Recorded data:
◆ ◆ ◆ ◆

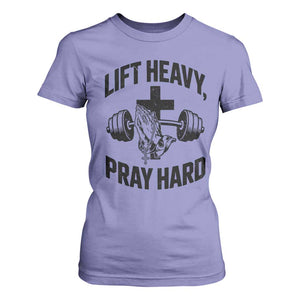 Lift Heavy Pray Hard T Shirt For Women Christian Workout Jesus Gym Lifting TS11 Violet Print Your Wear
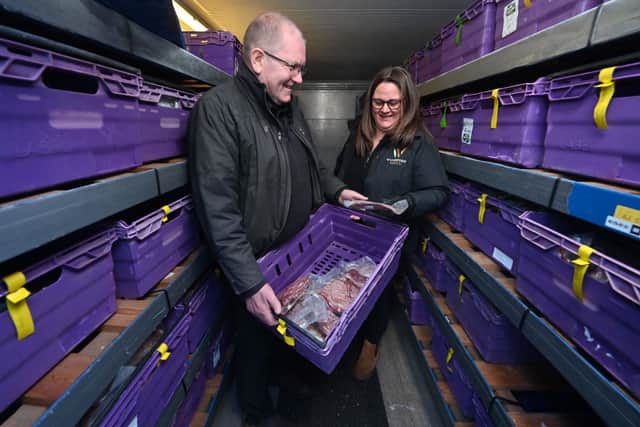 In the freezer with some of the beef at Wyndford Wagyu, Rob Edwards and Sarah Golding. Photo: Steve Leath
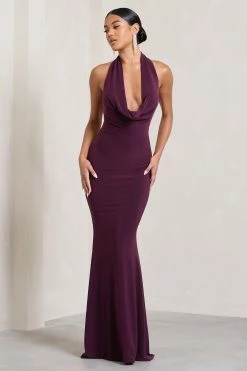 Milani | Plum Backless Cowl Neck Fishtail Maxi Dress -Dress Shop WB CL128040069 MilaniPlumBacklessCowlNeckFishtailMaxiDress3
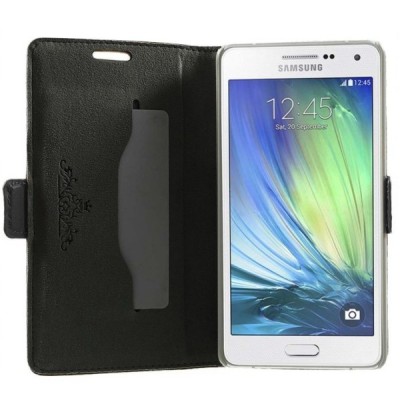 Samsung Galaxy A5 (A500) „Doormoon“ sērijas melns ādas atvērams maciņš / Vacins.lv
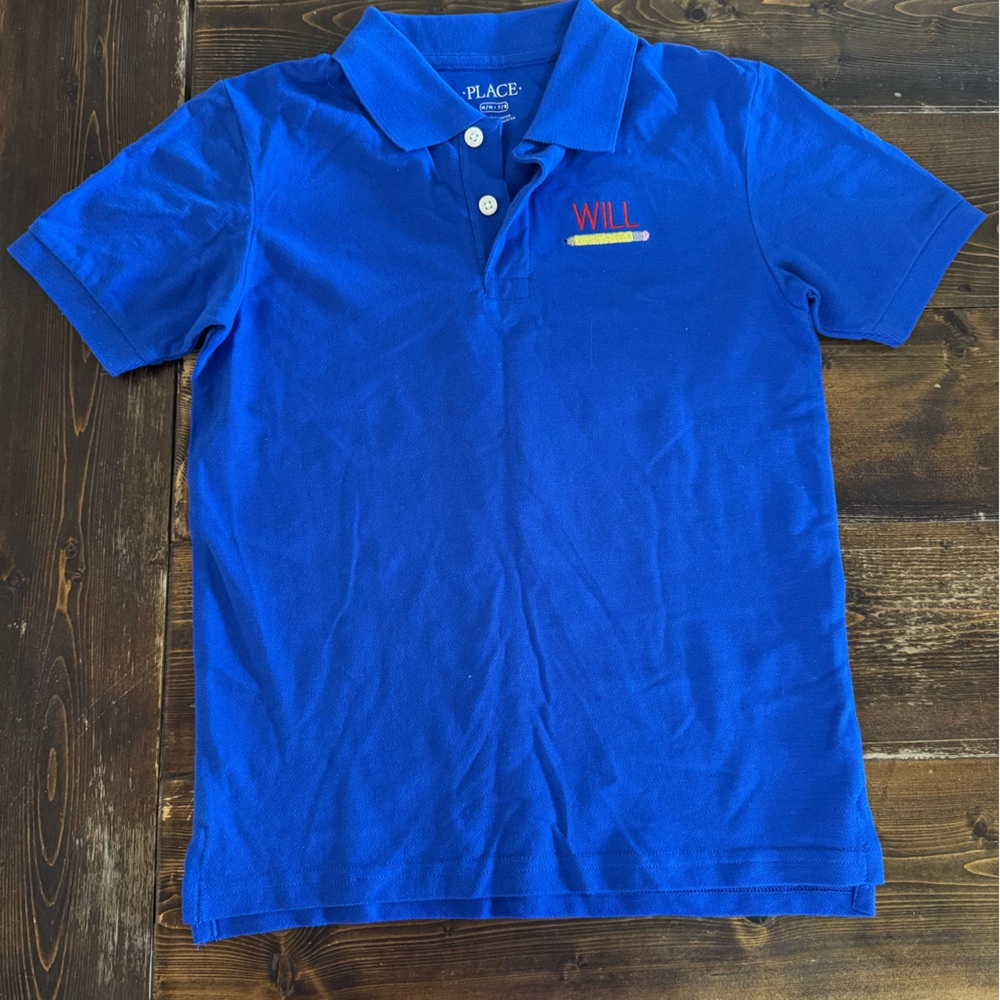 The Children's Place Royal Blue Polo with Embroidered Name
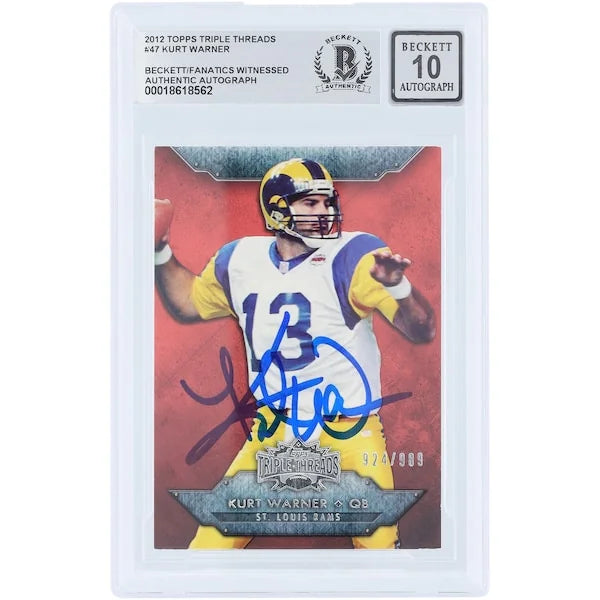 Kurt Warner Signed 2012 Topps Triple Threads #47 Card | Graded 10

◆ ◆ ◆ ◆

→ **WHAT YOU NEED TO DO**: An unchanged copy of the data, images excluded, is all that should be given.

→ **WRITTEN RESPONSE**:
 Lift Heavy Pray Hard T Shirt For Women Christian Workout Jesus Gym Lifting TS11 Violet Print Your Wear
 In the freezer with some of the beef at Wyndford Wagyu, Rob Edwards and Sarah Golding. Photo: Steve Leath
 Milani | Plum Backless Cowl Neck Fishtail Maxi Dress -Dress Shop WB CL128040069 MilaniPlumBacklessCowlNeckFishtailMaxiDress3
 Samsung Galaxy A5 (A500) „Doormoon“ sērijas melns ādas atvērams maciņš / Vacins.lv
 The Children's Place Royal Blue Polo with Embroidered Name
 Kurt Warner Signed 2012 Topps Triple Threads #47 Card | Graded 10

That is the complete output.